◆ **Exercise instructions**: Word for word, please copy the listing below, with its pictures left out.

##### Information provided #####

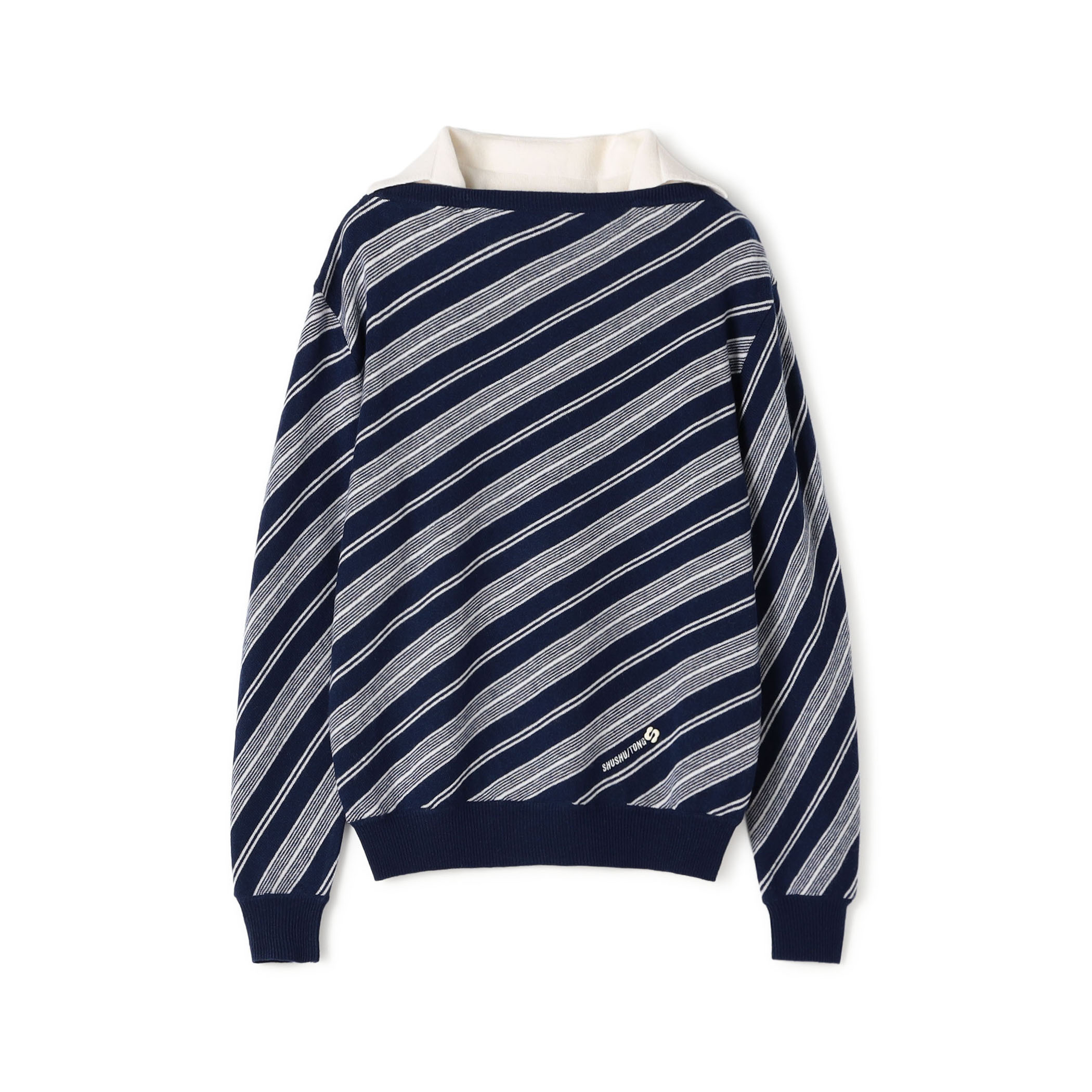 SHUSHU/TONG Twill Knit Top ダイアゴナルストライプニット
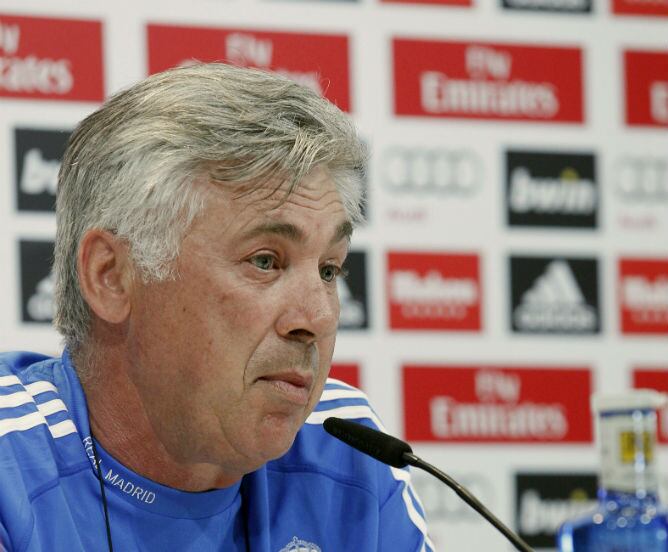 Carlo Ancelotti en su primera rueda de prensa en Valdebebas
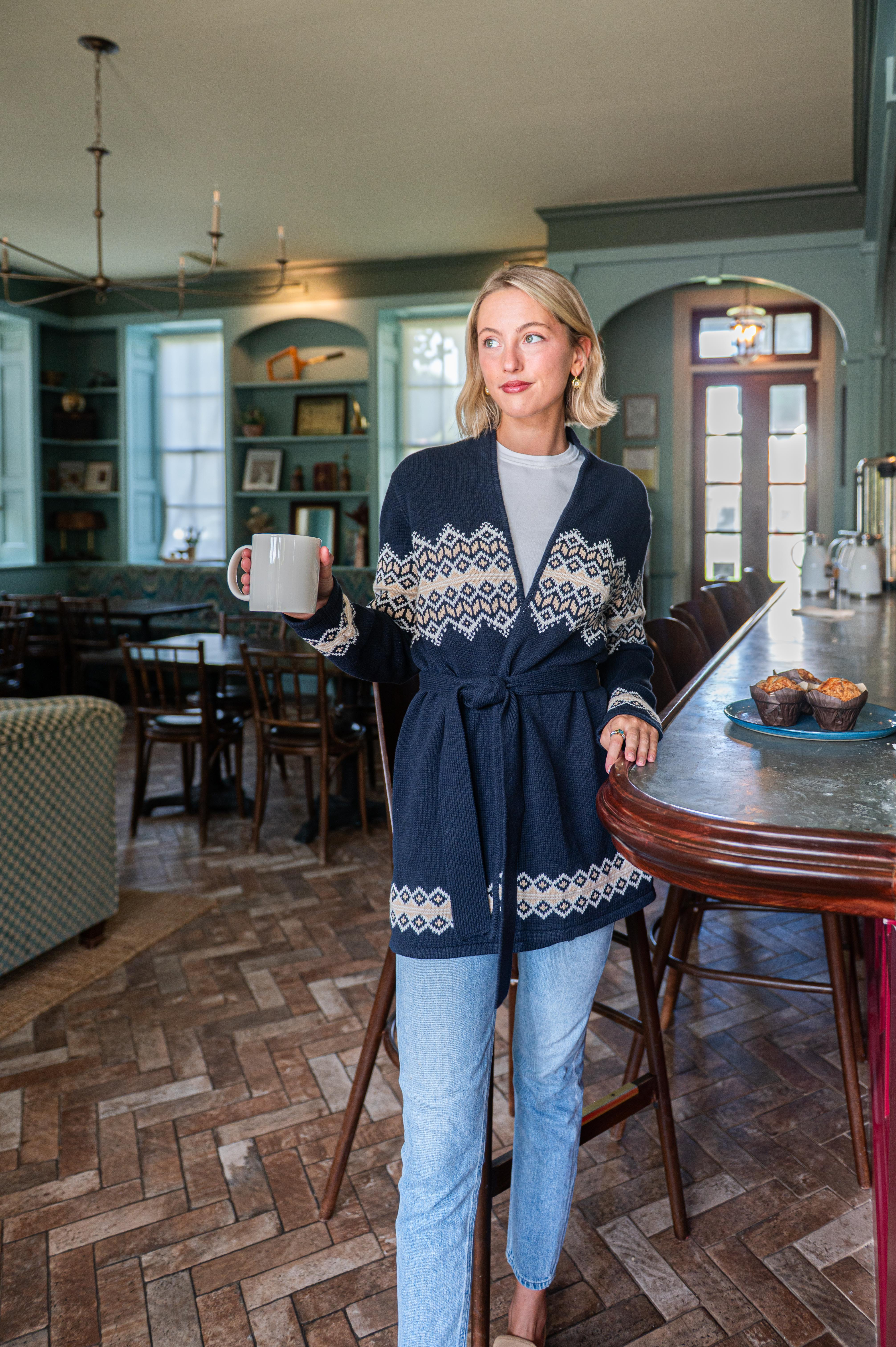 Navy Tie Front Cardigan | Sail to Sable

#####

◆ **Your response**:
 SHUSHU/TONG Twill Knit Top ダイアゴナルストライプニット
 Carlo Ancelotti en su primera rueda de prensa en Valdebebas
 Navy Tie Front Cardigan | Sail to Sable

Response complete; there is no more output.